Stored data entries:
......

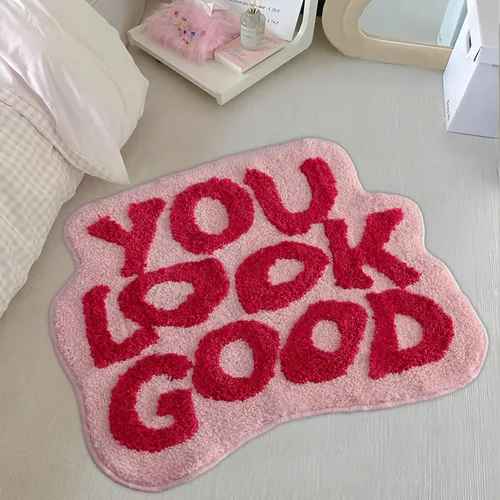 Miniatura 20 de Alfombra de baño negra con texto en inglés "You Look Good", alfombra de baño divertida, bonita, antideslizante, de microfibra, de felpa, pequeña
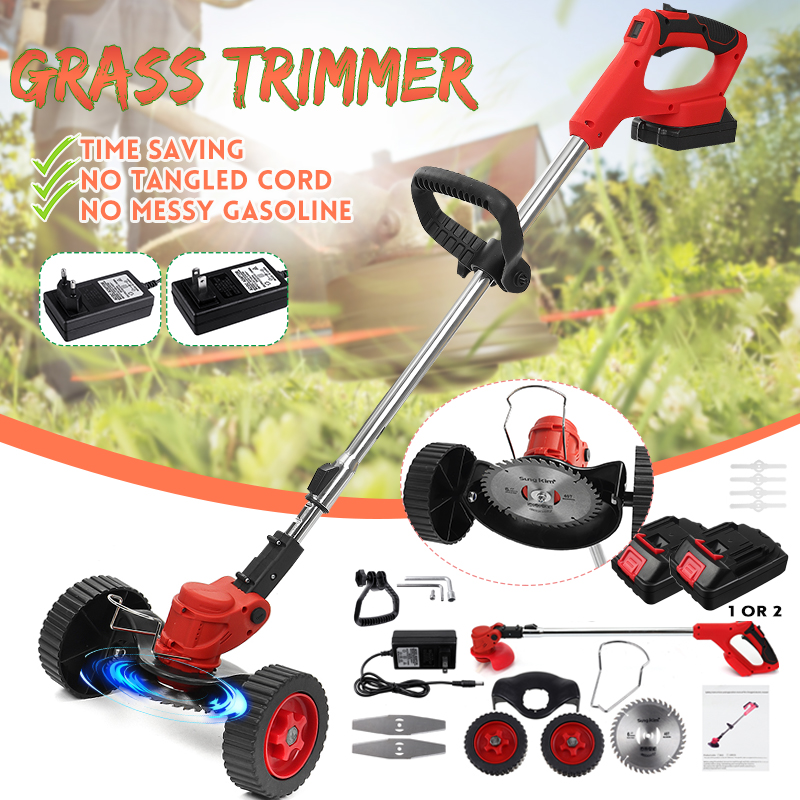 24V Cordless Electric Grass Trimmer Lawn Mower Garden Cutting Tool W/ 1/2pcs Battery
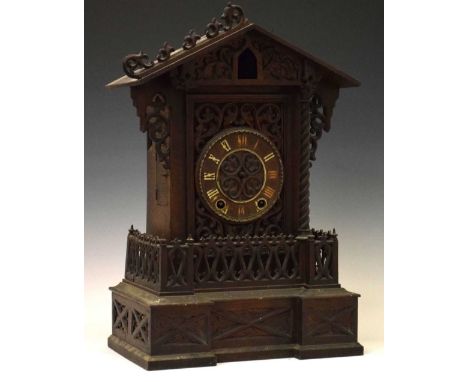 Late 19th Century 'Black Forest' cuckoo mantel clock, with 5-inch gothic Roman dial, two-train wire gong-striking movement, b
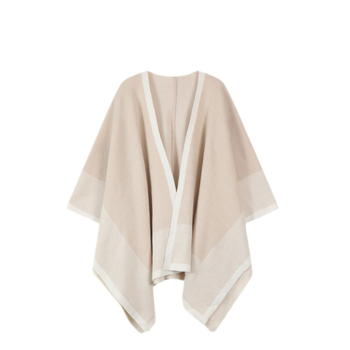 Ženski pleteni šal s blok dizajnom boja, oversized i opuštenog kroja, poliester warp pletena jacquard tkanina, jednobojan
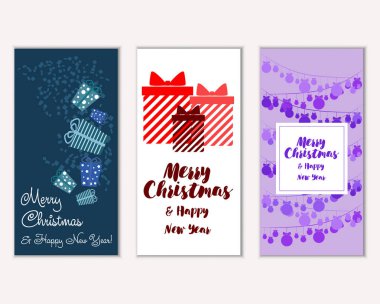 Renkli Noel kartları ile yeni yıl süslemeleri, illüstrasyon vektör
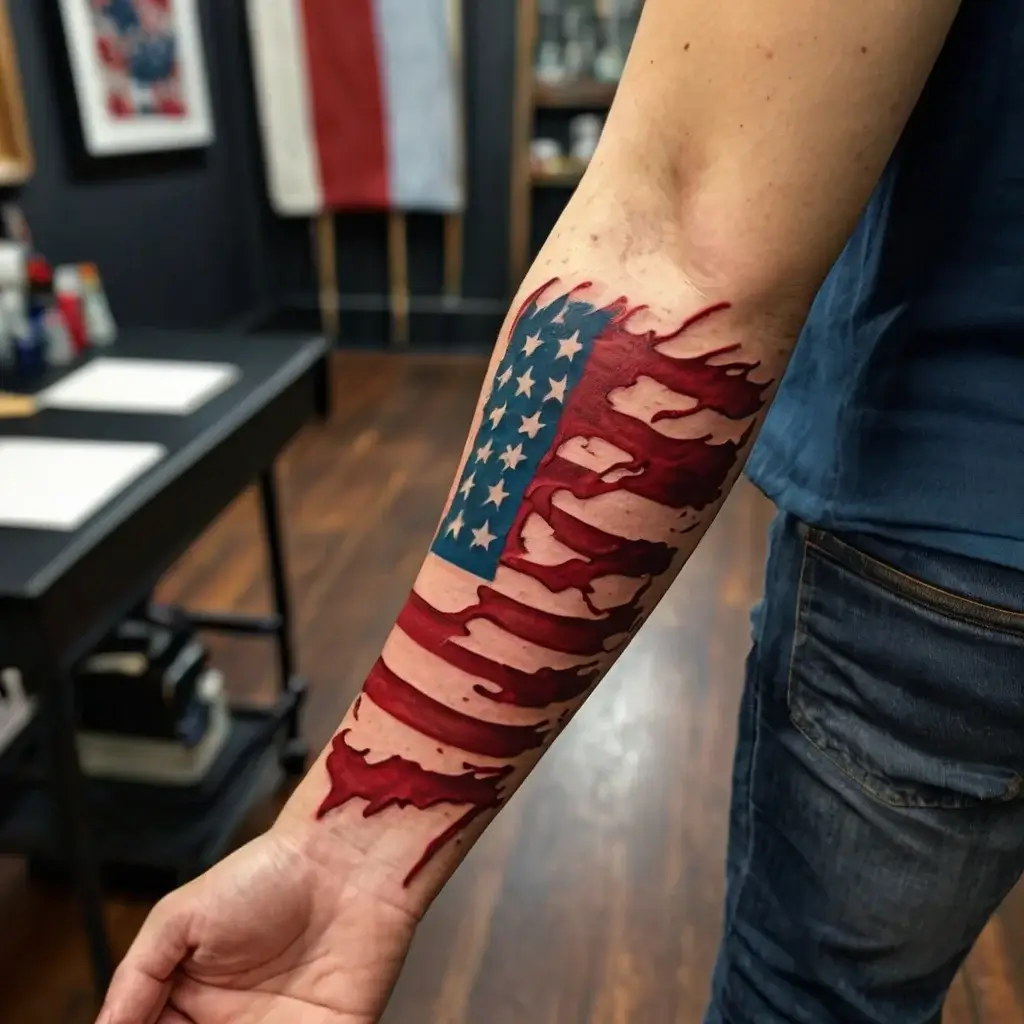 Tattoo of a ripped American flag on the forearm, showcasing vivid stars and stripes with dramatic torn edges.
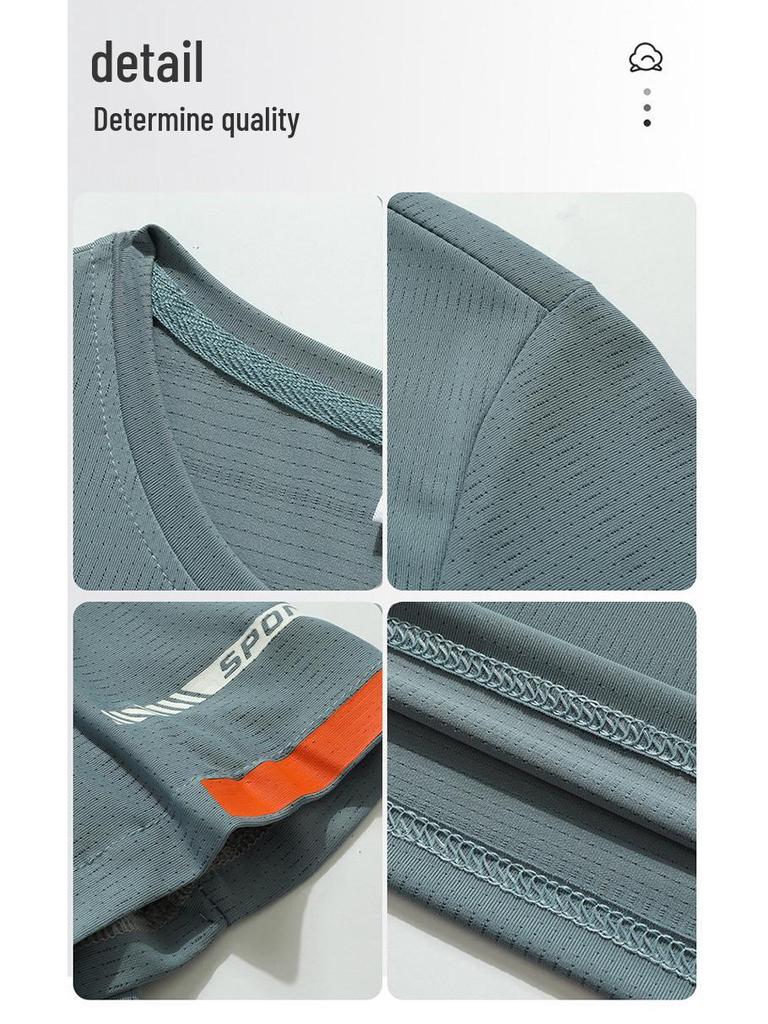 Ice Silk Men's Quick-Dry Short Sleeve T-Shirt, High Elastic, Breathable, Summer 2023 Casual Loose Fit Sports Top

......

• Problem details
Leave the pictures aside and print exactly, and only, the lines from the one with "Renkli Noel kartları" through the end of the data, both included.

• Response area
 Renkli Noel kartları ile yeni yıl süslemeleri, illüstrasyon vektör
 Tattoo of a ripped American flag on the forearm, showcasing vivid stars and stripes with dramatic torn edges.
 Ice Silk Men's Quick-Dry Short Sleeve T-Shirt, High Elastic, Breathable, Summer 2023 Casual Loose Fit Sports Top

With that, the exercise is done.